- [Short descriptive text snippets]
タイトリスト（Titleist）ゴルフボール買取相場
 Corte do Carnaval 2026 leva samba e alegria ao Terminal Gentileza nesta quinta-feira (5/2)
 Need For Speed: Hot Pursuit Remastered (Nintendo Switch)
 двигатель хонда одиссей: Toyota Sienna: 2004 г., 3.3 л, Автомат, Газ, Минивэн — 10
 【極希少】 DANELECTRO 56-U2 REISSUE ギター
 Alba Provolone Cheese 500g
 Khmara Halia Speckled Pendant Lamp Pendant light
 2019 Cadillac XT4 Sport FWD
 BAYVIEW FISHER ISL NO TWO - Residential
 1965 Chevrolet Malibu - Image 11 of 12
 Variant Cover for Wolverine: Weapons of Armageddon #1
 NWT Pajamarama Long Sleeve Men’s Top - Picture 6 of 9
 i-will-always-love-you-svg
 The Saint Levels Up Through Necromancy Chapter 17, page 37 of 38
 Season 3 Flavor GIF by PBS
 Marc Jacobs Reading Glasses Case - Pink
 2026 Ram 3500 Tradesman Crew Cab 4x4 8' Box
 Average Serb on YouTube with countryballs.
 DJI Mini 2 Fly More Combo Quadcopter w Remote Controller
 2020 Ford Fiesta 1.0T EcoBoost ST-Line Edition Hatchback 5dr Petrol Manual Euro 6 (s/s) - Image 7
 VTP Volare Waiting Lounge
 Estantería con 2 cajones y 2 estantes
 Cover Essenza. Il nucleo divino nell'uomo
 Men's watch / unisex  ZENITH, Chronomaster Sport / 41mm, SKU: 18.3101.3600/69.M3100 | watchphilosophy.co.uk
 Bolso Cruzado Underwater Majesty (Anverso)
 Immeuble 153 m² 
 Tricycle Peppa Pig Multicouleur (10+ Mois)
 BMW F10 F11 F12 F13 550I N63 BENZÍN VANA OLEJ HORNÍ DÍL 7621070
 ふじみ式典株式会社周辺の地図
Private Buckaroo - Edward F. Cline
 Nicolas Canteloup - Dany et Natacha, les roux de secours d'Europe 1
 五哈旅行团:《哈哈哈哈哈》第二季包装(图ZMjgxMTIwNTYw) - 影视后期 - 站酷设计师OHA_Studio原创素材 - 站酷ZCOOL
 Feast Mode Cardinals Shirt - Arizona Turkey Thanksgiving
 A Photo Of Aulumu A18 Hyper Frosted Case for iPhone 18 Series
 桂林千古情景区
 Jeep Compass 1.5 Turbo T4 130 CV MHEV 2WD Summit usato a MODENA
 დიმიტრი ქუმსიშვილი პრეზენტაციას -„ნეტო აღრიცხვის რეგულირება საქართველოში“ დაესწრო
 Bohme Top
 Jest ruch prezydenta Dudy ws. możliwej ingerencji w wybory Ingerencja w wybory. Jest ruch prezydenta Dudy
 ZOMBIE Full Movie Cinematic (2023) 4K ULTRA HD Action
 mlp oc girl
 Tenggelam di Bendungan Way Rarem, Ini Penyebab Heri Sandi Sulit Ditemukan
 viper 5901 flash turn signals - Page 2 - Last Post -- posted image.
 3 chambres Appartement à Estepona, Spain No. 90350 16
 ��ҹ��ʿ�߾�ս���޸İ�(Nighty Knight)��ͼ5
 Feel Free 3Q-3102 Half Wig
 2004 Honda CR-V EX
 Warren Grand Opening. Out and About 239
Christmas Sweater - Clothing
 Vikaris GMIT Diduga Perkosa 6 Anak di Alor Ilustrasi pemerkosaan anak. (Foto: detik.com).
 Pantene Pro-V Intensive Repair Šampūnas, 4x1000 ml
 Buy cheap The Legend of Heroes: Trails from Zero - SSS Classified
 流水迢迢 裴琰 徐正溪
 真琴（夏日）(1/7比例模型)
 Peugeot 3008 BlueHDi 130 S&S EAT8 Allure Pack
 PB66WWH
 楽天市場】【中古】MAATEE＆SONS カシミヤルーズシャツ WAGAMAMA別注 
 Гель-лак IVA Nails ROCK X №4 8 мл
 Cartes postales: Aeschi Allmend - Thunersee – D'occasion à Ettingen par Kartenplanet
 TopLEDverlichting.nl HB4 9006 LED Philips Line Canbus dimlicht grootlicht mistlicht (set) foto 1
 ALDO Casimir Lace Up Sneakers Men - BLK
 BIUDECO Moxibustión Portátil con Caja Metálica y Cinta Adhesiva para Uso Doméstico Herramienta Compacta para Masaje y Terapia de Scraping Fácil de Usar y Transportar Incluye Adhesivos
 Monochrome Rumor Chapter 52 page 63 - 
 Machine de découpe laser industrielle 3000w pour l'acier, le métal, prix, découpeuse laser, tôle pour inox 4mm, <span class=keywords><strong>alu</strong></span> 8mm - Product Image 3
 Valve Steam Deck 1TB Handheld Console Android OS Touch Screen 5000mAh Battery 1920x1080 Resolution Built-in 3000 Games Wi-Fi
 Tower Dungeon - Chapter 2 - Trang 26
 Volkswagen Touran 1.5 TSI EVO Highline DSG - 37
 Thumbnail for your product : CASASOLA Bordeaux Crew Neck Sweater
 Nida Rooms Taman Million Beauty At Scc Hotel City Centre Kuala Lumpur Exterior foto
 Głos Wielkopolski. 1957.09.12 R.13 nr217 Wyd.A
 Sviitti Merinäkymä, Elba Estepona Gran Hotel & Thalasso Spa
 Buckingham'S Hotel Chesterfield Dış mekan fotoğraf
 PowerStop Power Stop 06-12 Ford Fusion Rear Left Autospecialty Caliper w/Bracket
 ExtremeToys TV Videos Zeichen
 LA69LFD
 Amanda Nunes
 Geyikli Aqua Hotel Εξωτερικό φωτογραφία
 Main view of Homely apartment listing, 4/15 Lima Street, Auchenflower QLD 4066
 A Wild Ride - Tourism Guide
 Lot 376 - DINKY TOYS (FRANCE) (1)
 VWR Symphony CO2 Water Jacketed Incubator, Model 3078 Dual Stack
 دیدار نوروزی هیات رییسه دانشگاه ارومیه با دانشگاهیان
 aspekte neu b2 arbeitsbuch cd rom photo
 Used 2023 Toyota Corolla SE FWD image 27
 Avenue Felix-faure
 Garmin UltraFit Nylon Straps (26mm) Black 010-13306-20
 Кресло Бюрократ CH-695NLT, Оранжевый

- [PROBLEM] Return all of the data word for word.

- [RESPONSE TO THIS TASK]
タイトリスト（Titleist）ゴルフボール買取相場
 Corte do Carnaval 2026 leva samba e alegria ao Terminal Gentileza nesta quinta-feira (5/2)
 Need For Speed: Hot Pursuit Remastered (Nintendo Switch)
 двигатель хонда одиссей: Toyota Sienna: 2004 г., 3.3 л, Автомат, Газ, Минивэн — 10
 【極希少】 DANELECTRO 56-U2 REISSUE ギター
 Alba Provolone Cheese 500g
 Khmara Halia Speckled Pendant Lamp Pendant light
 2019 Cadillac XT4 Sport FWD
 BAYVIEW FISHER ISL NO TWO - Residential
 1965 Chevrolet Malibu - Image 11 of 12
 Variant Cover for Wolverine: Weapons of Armageddon #1
 NWT Pajamarama Long Sleeve Men’s Top - Picture 6 of 9
 i-will-always-love-you-svg
 The Saint Levels Up Through Necromancy Chapter 17, page 37 of 38
 Season 3 Flavor GIF by PBS
 Marc Jacobs Reading Glasses Case - Pink
 2026 Ram 3500 Tradesman Crew Cab 4x4 8' Box
 Average Serb on YouTube with countryballs.
 DJI Mini 2 Fly More Combo Quadcopter w Remote Controller
 2020 Ford Fiesta 1.0T EcoBoost ST-Line Edition Hatchback 5dr Petrol Manual Euro 6 (s/s) - Image 7
 VTP Volare Waiting Lounge
 Estantería con 2 cajones y 2 estantes
 Cover Essenza. Il nucleo divino nell'uomo
 Men's watch / unisex  ZENITH, Chronomaster Sport / 41mm, SKU: 18.3101.3600/69.M3100 | watchphilosophy.co.uk
 Bolso Cruzado Underwater Majesty (Anverso)
 Immeuble 153 m² 
 Tricycle Peppa Pig Multicouleur (10+ Mois)
 BMW F10 F11 F12 F13 550I N63 BENZÍN VANA OLEJ HORNÍ DÍL 7621070
 ふじみ式典株式会社周辺の地図
Private Buckaroo - Edward F. Cline
 Nicolas Canteloup - Dany et Natacha, les roux de secours d'Europe 1
 五哈旅行团:《哈哈哈哈哈》第二季包装(图ZMjgxMTIwNTYw) - 影视后期 - 站酷设计师OHA_Studio原创素材 - 站酷ZCOOL
 Feast Mode Cardinals Shirt - Arizona Turkey Thanksgiving
 A Photo Of Aulumu A18 Hyper Frosted Case for iPhone 18 Series
 桂林千古情景区
 Jeep Compass 1.5 Turbo T4 130 CV MHEV 2WD Summit usato a MODENA
 დიმიტრი ქუმსიშვილი პრეზენტაციას -„ნეტო აღრიცხვის რეგულირება საქართველოში“ დაესწრო
 Bohme Top
 Jest ruch prezydenta Dudy ws. możliwej ingerencji w wybory Ingerencja w wybory. Jest ruch prezydenta Dudy
 ZOMBIE Full Movie Cinematic (2023) 4K ULTRA HD Action
 mlp oc girl
 Tenggelam di Bendungan Way Rarem, Ini Penyebab Heri Sandi Sulit Ditemukan
 viper 5901 flash turn signals - Page 2 - Last Post -- posted image.
 3 chambres Appartement à Estepona, Spain No. 90350 16
 ��ҹ��ʿ�߾�ս���޸İ�(Nighty Knight)��ͼ5
 Feel Free 3Q-3102 Half Wig
 2004 Honda CR-V EX
 Warren Grand Opening. Out and About 239
Christmas Sweater - Clothing
 Vikaris GMIT Diduga Perkosa 6 Anak di Alor Ilustrasi pemerkosaan anak. (Foto: detik.com).
 Pantene Pro-V Intensive Repair Šampūnas, 4x1000 ml
 Buy cheap The Legend of Heroes: Trails from Zero - SSS Classified
 流水迢迢 裴琰 徐正溪
 真琴（夏日）(1/7比例模型)
 Peugeot 3008 BlueHDi 130 S&S EAT8 Allure Pack
 PB66WWH
 楽天市場】【中古】MAATEE＆SONS カシミヤルーズシャツ WAGAMAMA別注 
 Гель-лак IVA Nails ROCK X №4 8 мл
 Cartes postales: Aeschi Allmend - Thunersee – D'occasion à Ettingen par Kartenplanet
 TopLEDverlichting.nl HB4 9006 LED Philips Line Canbus dimlicht grootlicht mistlicht (set) foto 1
 ALDO Casimir Lace Up Sneakers Men - BLK
 BIUDECO Moxibustión Portátil con Caja Metálica y Cinta Adhesiva para Uso Doméstico Herramienta Compacta para Masaje y Terapia de Scraping Fácil de Usar y Transportar Incluye Adhesivos
 Monochrome Rumor Chapter 52 page 63 - 
 Machine de découpe laser industrielle 3000w pour l'acier, le métal, prix, découpeuse laser, tôle pour inox 4mm, <span class=keywords><strong>alu</strong></span> 8mm - Product Image 3
 Valve Steam Deck 1TB Handheld Console Android OS Touch Screen 5000mAh Battery 1920x1080 Resolution Built-in 3000 Games Wi-Fi
 Tower Dungeon - Chapter 2 - Trang 26
 Volkswagen Touran 1.5 TSI EVO Highline DSG - 37
 Thumbnail for your product : CASASOLA Bordeaux Crew Neck Sweater
 Nida Rooms Taman Million Beauty At Scc Hotel City Centre Kuala Lumpur Exterior foto
 Głos Wielkopolski. 1957.09.12 R.13 nr217 Wyd.A
 Sviitti Merinäkymä, Elba Estepona Gran Hotel & Thalasso Spa
 Buckingham'S Hotel Chesterfield Dış mekan fotoğraf
 PowerStop Power Stop 06-12 Ford Fusion Rear Left Autospecialty Caliper w/Bracket
 ExtremeToys TV Videos Zeichen
 LA69LFD
 Amanda Nunes
 Geyikli Aqua Hotel Εξωτερικό φωτογραφία
 Main view of Homely apartment listing, 4/15 Lima Street, Auchenflower QLD 4066
 A Wild Ride - Tourism Guide
 Lot 376 - DINKY TOYS (FRANCE) (1)
 VWR Symphony CO2 Water Jacketed Incubator, Model 3078 Dual Stack
 دیدار نوروزی هیات رییسه دانشگاه ارومیه با دانشگاهیان
 aspekte neu b2 arbeitsbuch cd rom photo
 Used 2023 Toyota Corolla SE FWD image 27
 Avenue Felix-faure
 Garmin UltraFit Nylon Straps (26mm) Black 010-13306-20
 Кресло Бюрократ CH-695NLT, Оранжевый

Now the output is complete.